L’école dramatique de la restauration est demeurée bien loin de ses promesses. C’est un fait acquis désormais à la discussion, et que nous n’essaierons pas de démontrer, car l’évidence a dessillé les yeux des plus incrédules. Tout le monde sait maintenant à quoi s’en tenir sur la résurrection de Shakspeare, annoncée par les hérauts de l’école nouvelle; et quand je dis résurrection, j’attribue aux néophytes et aux hiérophantes une modestie qui n’était ni dans leur caractère ni dans leur langage. Les esprits familiarisés avec leurs prétentions n’ont pas oublié qu’ils nous annonçaient un poète qui serait à Shakspeare ce que Napoléon est à Charlemagne.
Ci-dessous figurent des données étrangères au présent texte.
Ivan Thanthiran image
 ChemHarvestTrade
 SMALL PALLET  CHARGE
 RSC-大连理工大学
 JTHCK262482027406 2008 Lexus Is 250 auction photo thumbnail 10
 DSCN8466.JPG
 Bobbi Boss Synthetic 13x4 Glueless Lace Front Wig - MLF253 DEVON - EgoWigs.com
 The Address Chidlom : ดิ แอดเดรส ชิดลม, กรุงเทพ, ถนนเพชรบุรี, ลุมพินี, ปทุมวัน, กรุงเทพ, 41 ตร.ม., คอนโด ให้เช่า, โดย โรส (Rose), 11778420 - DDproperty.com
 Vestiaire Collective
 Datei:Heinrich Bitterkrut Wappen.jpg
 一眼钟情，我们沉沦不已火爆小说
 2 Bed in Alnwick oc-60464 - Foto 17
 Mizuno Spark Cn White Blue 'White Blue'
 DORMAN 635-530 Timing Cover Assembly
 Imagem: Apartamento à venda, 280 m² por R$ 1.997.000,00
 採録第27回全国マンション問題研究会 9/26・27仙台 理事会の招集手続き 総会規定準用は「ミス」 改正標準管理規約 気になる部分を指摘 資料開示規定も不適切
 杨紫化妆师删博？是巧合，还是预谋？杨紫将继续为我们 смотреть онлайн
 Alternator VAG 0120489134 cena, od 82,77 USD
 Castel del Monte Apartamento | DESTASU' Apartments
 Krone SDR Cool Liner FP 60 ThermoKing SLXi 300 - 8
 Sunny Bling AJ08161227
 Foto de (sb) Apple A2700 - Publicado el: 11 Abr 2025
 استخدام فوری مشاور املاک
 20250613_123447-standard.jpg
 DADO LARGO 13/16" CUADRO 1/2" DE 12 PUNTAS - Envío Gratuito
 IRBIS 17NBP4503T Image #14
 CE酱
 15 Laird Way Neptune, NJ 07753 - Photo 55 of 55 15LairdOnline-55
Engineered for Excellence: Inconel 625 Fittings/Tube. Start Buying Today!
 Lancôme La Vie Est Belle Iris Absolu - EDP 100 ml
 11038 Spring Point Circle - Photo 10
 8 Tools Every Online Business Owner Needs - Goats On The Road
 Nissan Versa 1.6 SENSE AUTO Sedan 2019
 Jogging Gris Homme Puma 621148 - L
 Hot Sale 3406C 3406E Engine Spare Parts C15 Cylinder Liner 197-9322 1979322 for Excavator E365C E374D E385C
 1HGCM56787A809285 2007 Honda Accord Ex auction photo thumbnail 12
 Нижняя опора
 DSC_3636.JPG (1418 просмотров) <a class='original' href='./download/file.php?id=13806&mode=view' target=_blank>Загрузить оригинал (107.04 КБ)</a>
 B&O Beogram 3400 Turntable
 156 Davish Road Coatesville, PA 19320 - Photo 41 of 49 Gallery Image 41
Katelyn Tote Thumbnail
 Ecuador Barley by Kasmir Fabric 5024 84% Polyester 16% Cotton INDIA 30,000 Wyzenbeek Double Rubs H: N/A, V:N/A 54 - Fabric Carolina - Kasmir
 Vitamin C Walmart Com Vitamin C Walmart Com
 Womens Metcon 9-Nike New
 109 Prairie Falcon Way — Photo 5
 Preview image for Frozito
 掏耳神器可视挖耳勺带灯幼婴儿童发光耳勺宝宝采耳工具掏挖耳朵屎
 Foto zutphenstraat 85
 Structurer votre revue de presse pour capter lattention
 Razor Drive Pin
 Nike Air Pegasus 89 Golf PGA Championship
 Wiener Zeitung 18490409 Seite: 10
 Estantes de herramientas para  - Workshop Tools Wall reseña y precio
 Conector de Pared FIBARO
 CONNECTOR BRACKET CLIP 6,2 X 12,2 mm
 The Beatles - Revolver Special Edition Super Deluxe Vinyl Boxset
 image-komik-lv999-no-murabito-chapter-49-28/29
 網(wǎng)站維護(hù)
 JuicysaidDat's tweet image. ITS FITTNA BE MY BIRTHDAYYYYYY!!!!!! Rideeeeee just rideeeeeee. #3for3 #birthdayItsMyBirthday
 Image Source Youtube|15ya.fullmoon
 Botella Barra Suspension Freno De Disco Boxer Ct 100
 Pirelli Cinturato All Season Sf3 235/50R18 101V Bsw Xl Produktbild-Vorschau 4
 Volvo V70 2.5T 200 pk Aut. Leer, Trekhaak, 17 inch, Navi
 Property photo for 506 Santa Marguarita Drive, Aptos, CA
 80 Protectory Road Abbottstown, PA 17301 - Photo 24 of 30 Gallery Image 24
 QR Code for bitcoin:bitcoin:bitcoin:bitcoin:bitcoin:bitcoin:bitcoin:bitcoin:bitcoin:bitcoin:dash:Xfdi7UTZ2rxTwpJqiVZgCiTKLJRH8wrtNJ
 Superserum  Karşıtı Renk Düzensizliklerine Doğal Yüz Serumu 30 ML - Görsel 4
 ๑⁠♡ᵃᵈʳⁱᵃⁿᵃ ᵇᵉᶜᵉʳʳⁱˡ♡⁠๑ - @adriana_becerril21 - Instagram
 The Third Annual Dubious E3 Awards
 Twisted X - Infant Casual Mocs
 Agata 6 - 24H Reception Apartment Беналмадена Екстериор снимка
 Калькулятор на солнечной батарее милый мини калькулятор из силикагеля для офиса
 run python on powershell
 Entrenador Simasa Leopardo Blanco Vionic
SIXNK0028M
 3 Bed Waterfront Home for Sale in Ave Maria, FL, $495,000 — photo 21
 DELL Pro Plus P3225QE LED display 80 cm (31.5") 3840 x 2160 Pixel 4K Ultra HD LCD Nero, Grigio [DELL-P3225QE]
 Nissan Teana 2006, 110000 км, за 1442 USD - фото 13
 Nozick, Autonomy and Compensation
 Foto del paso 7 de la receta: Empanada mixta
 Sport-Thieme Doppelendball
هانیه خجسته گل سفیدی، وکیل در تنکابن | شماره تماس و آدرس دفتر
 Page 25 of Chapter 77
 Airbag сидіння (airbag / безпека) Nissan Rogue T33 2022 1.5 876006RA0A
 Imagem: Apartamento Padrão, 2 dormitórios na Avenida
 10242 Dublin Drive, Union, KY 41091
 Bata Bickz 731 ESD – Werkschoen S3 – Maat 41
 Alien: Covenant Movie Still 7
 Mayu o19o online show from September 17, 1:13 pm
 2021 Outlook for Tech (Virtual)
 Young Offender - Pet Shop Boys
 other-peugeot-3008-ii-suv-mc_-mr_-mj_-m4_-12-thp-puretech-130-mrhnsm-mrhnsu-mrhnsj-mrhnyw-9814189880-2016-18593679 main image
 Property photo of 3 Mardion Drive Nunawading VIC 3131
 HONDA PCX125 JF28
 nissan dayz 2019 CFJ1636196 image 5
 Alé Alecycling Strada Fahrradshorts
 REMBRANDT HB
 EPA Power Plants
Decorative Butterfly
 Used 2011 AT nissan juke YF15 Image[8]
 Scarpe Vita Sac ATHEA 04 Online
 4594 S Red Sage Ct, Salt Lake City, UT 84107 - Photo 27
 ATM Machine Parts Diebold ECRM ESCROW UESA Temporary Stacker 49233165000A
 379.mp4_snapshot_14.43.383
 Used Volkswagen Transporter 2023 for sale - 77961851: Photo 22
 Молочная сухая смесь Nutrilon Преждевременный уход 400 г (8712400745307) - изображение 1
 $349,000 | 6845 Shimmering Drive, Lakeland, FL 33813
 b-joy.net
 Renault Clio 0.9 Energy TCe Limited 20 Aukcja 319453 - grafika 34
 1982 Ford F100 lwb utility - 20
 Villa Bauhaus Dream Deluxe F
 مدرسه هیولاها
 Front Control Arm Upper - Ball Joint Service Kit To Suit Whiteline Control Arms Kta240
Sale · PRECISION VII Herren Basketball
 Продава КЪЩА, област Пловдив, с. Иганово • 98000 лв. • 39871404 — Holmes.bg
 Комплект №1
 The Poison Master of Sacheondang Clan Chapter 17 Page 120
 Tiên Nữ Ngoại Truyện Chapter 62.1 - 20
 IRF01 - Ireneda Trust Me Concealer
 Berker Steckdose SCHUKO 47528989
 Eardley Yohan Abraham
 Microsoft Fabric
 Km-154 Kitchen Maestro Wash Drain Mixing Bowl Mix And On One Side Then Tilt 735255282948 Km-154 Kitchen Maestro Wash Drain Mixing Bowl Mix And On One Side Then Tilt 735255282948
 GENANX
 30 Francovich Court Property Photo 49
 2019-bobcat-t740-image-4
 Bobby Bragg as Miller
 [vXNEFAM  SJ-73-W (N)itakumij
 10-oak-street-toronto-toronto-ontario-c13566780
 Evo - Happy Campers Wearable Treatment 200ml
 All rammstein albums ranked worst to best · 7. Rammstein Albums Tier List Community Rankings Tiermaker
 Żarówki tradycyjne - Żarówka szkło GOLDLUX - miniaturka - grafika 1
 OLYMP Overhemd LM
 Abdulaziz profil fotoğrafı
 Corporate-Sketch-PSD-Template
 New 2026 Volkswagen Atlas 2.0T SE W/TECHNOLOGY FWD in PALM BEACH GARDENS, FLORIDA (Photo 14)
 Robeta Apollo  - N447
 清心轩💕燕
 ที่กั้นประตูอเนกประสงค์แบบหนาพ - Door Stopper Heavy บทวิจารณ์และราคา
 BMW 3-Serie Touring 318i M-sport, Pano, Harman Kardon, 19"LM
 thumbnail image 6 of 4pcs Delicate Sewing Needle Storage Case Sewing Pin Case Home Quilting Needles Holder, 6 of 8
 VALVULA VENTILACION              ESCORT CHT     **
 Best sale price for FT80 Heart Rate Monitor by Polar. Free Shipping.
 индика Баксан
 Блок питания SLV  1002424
Cette formule ingénieuse, bien que présentée à la foule sous la forme interrogative, était acceptée comme une affirmation par tous les initiés, et c’est au nom de cette formule que nous devons estimer les œuvres poétiques accomplies en France depuis vingt ans. A Dieu ne plaise que j’entreprenne de rabaisser le mérite des tentatives qui ont signalé la première partie de cette période : il n’est permis qu’à l’ignorance de nier tout ce qu’il y avait à la fois de légitime et de hardi dans les projets de la génération nouvelle. Malheureusement les faits sont restés bien au-dessous des paroles. Nous attendons encore, et sans doute nous attendrons longtemps le poète prédestiné qui devait rattacher la France au siècle d’Elisabeth.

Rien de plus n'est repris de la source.